Forum Discussion

Tutor

Jul 26, 2021

Solved

Remove inactive volumes after hard drive upgrade RN104

I have an iMac with a RN104 to keep track of all my design/art files. It was starting to fill up so I upgraded and bought 2 x 4tb hard drives to replace the ones in my RN104. I put in 1 x 4tb dri...

rn_enthusiast

Jul 26, 2021

Thanks for the logs Esoteric

So, here are the events...

You replaced disk 2 (which was also a dying disk with tons of ATA errors). I can see that had been going on for a while, so I suspect you don't have email alerts setup? In any case, whether by luck or intentional, you replaced the bad disk and the raid started to sync.

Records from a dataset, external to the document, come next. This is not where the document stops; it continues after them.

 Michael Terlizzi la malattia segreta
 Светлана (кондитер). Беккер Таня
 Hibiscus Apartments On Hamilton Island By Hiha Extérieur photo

[21/07/22 20:51:22 WEST] notice:disk:LOGMSG_SMART_ATA_ERR_30DAYS_WARN Detected increasing ATA error count: [13955] on disk 2 (Internal) [WDC WD20EFRX-68EUZN0, WD-WCC4M1808373] 11455 times in the past 30 days. This condition often indicates an impending failure. Be prepared to replace this disk to maintain data redundancy.
[21/07/22 20:51:29 WEST] notice:disk:LOGMSG_SMART_ATA_ERR_30DAYS_WARN Detected increasing ATA error count: [13955] on disk 2 (Internal) [WDC WD20EFRX-68EUZN0, WD-WCC4M1808373] 11455 times in the past 30 days. This condition often indicates an impending failure. Be prepared to replace this disk to maintain data redundancy.
[21/07/22 20:52:12 WEST] notice:disk:LOGMSG_SMART_ATA_ERR_30DAYS_WARN Detected increasing ATA error count: [13956] on disk 2 (Internal) [WDC WD20EFRX-68EUZN0, WD-WCC4M1808373] 11456 times in the past 30 days. This condition often indicates an impending failure. Be prepared to replace this disk to maintain data redundancy.
[21/07/22 20:56:20 WEST] notice:disk:LOGMSG_SMART_ATA_ERR_30DAYS_WARN Detected increasing ATA error count: [13956] on disk 2 (Internal) [WDC WD20EFRX-68EUZN0, WD-WCC4M1808373] 11456 times in the past 30 days. This condition often indicates an impending failure. Be prepared to replace this disk to maintain data redundancy.
[21/07/22 20:57:46 WEST] warning:disk:LOGMSG_DELETE_DISK Disk Model:WDC WD20EFRX-68EUZN0 Serial:WD-WCC4M1808373 was removed from Channel 2 of the head unit.
[21/07/22 20:57:54 WEST] warning:volume:LOGMSG_HEALTH_VOLUME Volume data health changed from Redundant to Degraded.
[21/07/22 20:58:45 WEST] notice:disk:LOGMSG_ADD_DISK Disk Model: ST4000VN008-2DR166 Serial:ZGY94XWV was added to Channel 2 of the head unit.
[21/07/22 20:59:28 WEST] notice:volume:LOGMSG_RESILVERSTARTED_VOLUME Resyncing started for Volume data.

The raid successfully synced. BTW - StephenB in my experience it is pretty normal for an RN104 to take this long for a raid sync.

[21/07/23 12:46:10 WEST] notice:volume:LOGMSG_RESILVERCOMPLETE_VOLUME Volume data is resynced.
[21/07/23 12:46:11 WEST] notice:volume:LOGMSG_HEALTH_VOLUME Volume data health changed from Degraded to Redundant.
[21/07/23 12:46:11 WEST] notice:disk:LOGMSG_ZFS_DISK_STATUS_CHANGED Disk in channel 2 (Internal) changed state from RESYNC to ONLINE.

You had correctly waited till the raid had synced and you then replaced disk 1 for new larger disk.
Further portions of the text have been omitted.